In 1926, Keaton released the movie The General featuring an epic locomotive chase. In one scene, Keaton can be seen standing on the train’s cow plow, smartly using a piece of wood to deflect another piece of wood that was lying in front of the tracks. Though the movie is often regarded as Keaton’s greatest, it, unfortunately, failed to click with the audience at the time of release.
Perhaps Keaton’s most memorable daredevil moment is in the 1928 movie Steamboat Bill Jr. “The celebrated moment in ‘Steamboat Bill Jr.’ when the facade of a house drops to the ground with a two-tonne thwack, leaving Keaton serene amid the debris, relied on precise mathematics and nerves of steel. Keaton’s position on the ground had to line up exactly with an open window in the top of the house; thankfully for him, it did,” according to The Guardian.

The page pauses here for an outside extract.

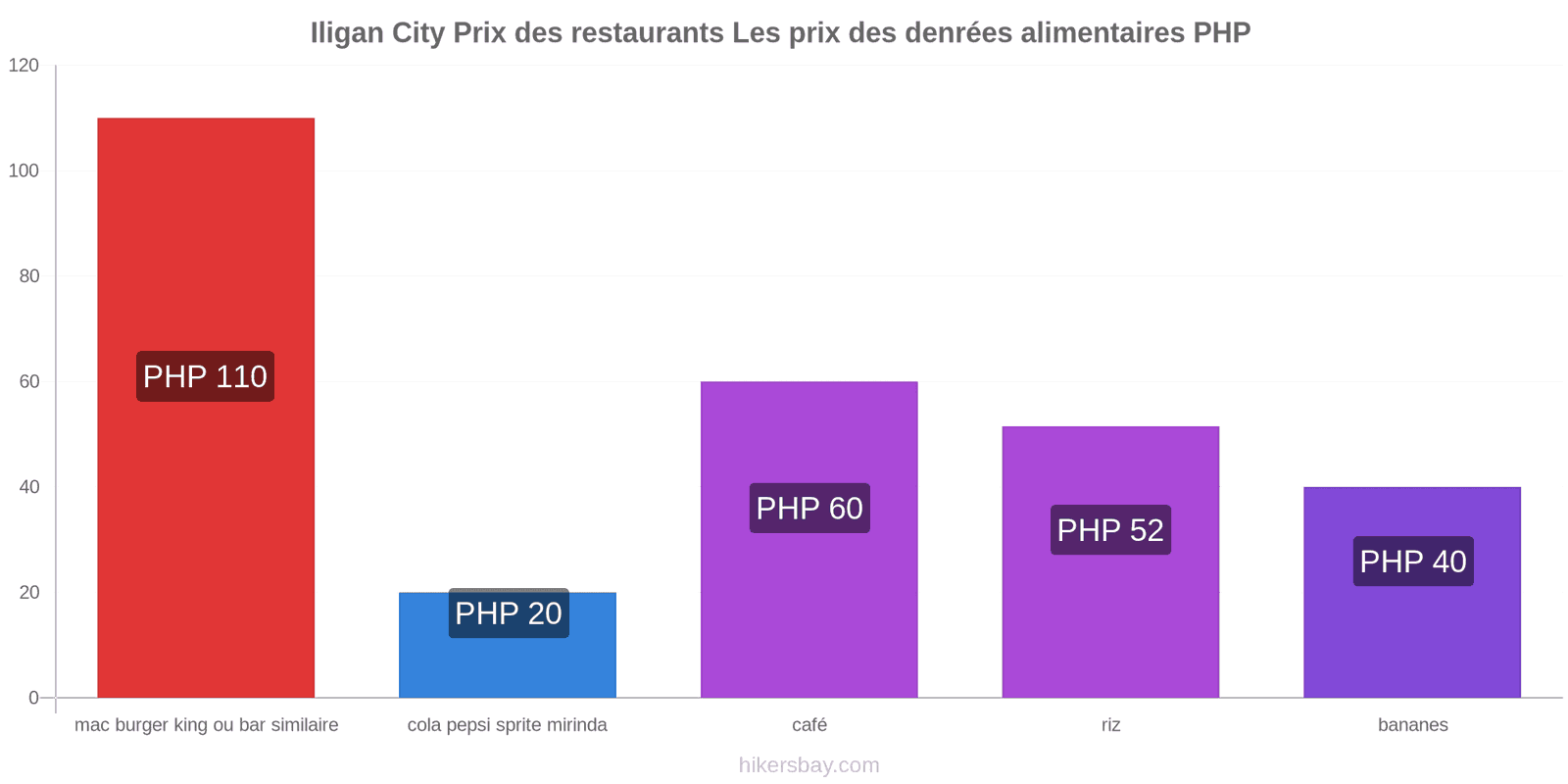 Iligan City changements de prix hikersbay.com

Buster Keaton was born Joseph Frank Keaton. He is said to have started using the name Buster thanks to famous illusionist Harry Houdini, who was a former partner of his father. As a child, Keaton once fell down the stairs. However, he immediately sprang back on his feet as if nothing happened. Houdini, who saw the incident, was surprised and apparently said: “That was a real Buster.” Keaton is believed to have taken his name “Buster” from this incident. The story has never been confirmed to be true.
Despite starring in many movies, Keaton never actually prepared a script for the films. When shooting a movie, Keaton would simply get an overall idea of the plot, design the stunts, and would start shooting. He wouldn’t even rehearse! “Two or three writers and I would start with an idea and then we’d work out a strong finish and let the middle take care of itself, as it always does… Sometimes, we’d work out a gag in advance; other times, it would work itself out as we went along,” Keaton once said (Ranker).
After 1928, marital and career issues turned Keaton into a heavy drinker. After his alcoholism turned bad, Keaton was institutionalized and even restrained in a straightjacket. However, Keaton is said to have escaped the institution thanks to a few tricks he learned from Houdini.